Entries provided
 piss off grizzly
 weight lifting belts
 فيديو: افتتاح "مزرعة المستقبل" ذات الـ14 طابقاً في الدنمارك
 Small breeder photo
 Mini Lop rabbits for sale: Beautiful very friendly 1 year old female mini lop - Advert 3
* * *
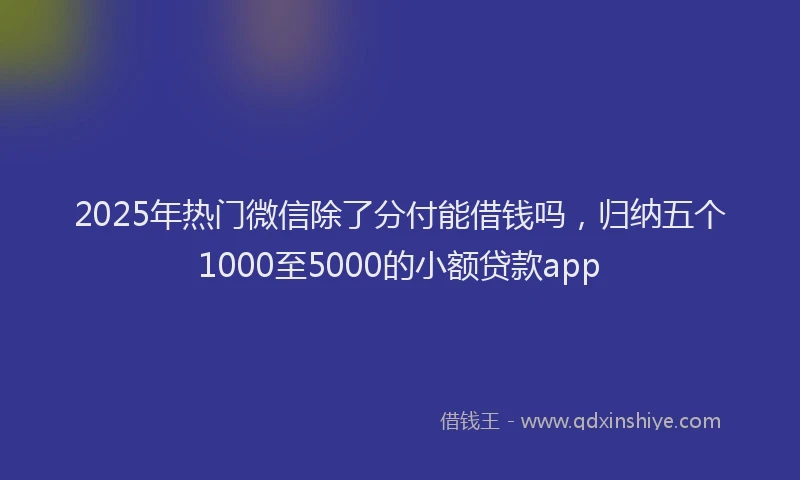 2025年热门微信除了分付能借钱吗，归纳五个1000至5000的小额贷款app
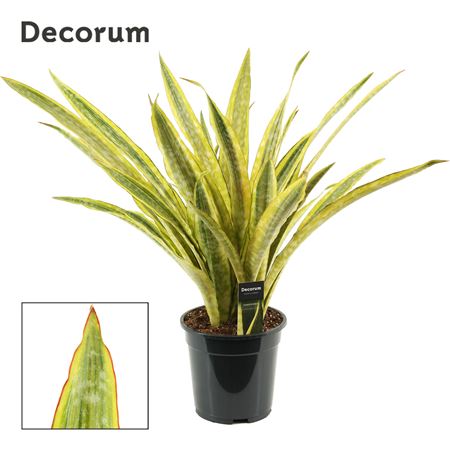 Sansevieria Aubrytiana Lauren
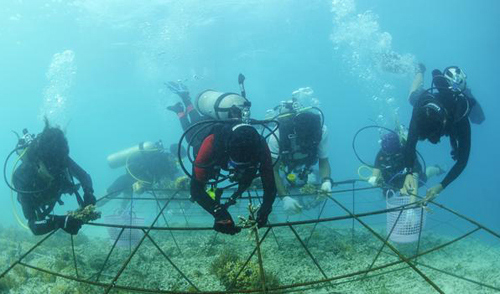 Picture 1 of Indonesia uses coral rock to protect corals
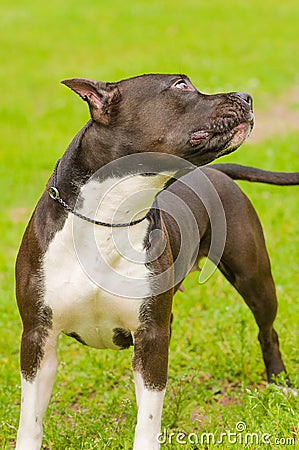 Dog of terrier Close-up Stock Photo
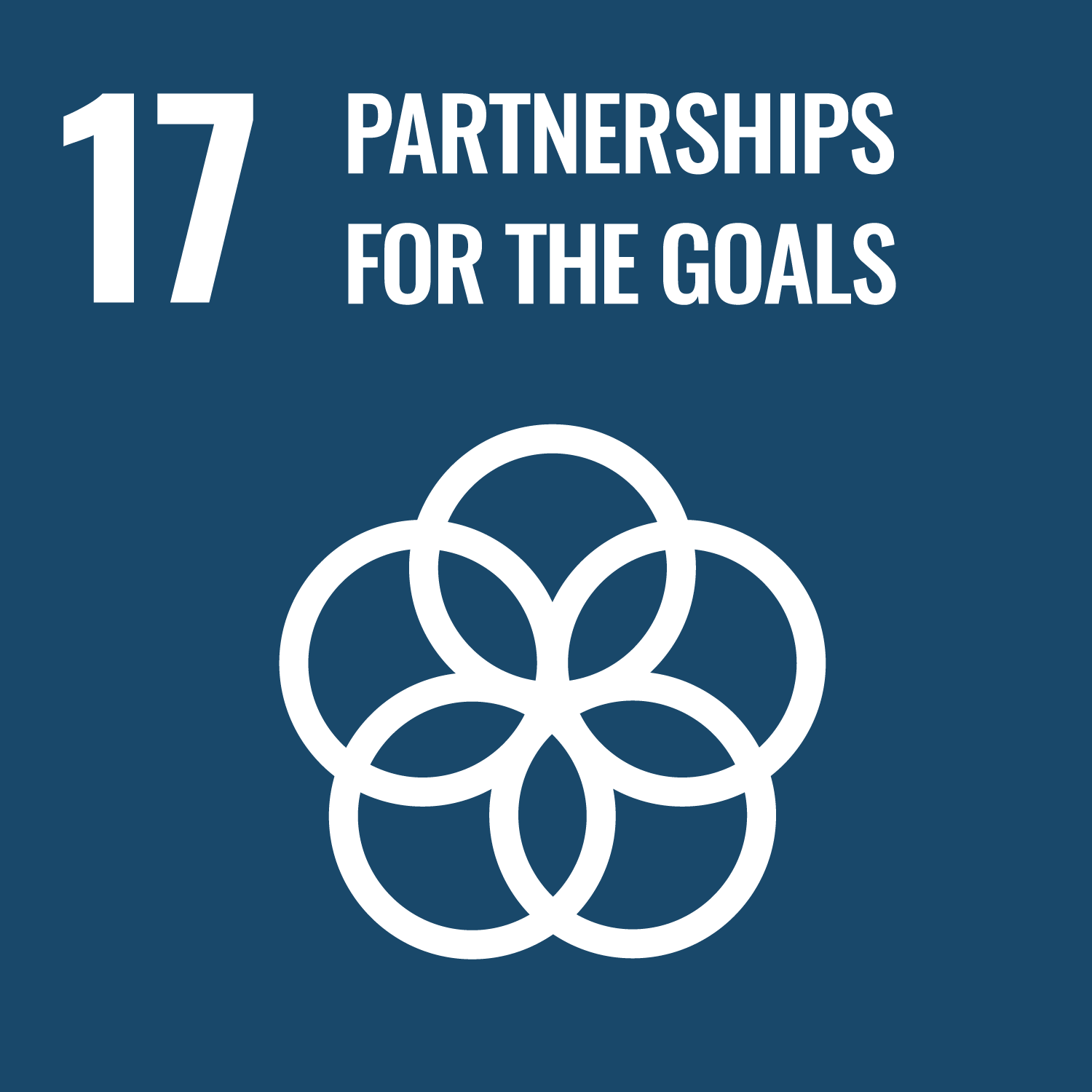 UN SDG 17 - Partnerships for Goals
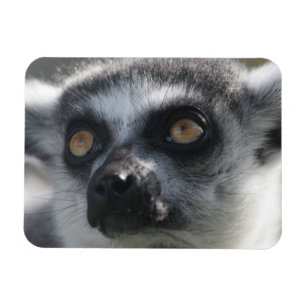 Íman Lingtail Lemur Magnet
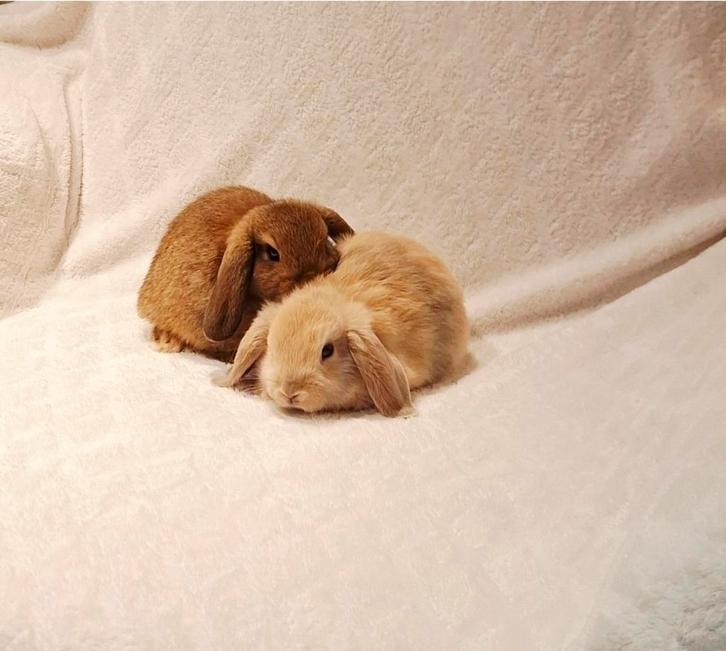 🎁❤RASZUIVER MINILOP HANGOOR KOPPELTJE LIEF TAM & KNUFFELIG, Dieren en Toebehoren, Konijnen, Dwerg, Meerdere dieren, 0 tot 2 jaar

What the task asks
Starting at the line above that contains "Dog of terrier Close-up Stock Photo", transcribe every line exactly through the line that contains "0 tot 2 jaar", including that last one, and skip the pictures.

Problem solution
 Dog of terrier Close-up Stock Photo
 UN SDG 17 - Partnerships for Goals
 Íman Lingtail Lemur Magnet
 🎁❤RASZUIVER MINILOP HANGOOR KOPPELTJE LIEF TAM & KNUFFELIG, Dieren en Toebehoren, Konijnen, Dwerg, Meerdere dieren, 0 tot 2 jaar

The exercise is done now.